### What you have to do
Among the entries below, find every line that has "Paper" and pull it out.

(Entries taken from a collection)
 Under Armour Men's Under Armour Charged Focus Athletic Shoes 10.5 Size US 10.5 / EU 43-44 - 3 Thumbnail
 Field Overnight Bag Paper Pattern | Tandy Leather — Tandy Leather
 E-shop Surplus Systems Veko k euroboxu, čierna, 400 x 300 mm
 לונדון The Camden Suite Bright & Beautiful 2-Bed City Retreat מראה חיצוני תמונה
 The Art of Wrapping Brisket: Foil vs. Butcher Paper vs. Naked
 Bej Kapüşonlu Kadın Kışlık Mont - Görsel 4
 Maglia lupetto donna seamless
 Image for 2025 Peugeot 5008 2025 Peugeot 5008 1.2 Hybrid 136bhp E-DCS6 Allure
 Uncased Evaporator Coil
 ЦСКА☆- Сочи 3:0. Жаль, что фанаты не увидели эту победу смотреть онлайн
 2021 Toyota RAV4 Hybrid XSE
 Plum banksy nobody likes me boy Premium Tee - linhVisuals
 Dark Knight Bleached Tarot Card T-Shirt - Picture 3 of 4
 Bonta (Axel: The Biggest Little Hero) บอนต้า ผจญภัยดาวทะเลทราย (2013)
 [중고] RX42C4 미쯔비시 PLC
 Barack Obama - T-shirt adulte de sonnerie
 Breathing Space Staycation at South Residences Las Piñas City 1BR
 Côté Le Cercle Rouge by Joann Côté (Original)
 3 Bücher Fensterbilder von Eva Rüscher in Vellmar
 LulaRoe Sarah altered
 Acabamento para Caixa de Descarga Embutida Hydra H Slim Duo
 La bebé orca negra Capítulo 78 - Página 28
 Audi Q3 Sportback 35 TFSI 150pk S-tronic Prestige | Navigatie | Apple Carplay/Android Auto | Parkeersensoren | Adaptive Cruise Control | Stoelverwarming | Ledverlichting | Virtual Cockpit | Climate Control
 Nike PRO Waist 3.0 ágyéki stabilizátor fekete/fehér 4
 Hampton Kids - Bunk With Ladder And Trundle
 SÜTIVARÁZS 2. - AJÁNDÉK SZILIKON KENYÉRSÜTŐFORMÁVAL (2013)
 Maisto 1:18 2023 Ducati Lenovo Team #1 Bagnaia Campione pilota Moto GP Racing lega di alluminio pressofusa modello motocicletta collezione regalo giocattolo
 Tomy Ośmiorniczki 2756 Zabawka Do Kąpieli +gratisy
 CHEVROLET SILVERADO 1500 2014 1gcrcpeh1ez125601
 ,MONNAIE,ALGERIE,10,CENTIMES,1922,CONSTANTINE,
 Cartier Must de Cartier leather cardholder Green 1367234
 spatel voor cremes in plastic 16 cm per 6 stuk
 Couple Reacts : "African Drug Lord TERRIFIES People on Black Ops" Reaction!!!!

### Answer box
 Field Overnight Bag Paper Pattern | Tandy Leather — Tandy Leather
 The Art of Wrapping Brisket: Foil vs. Butcher Paper vs. Naked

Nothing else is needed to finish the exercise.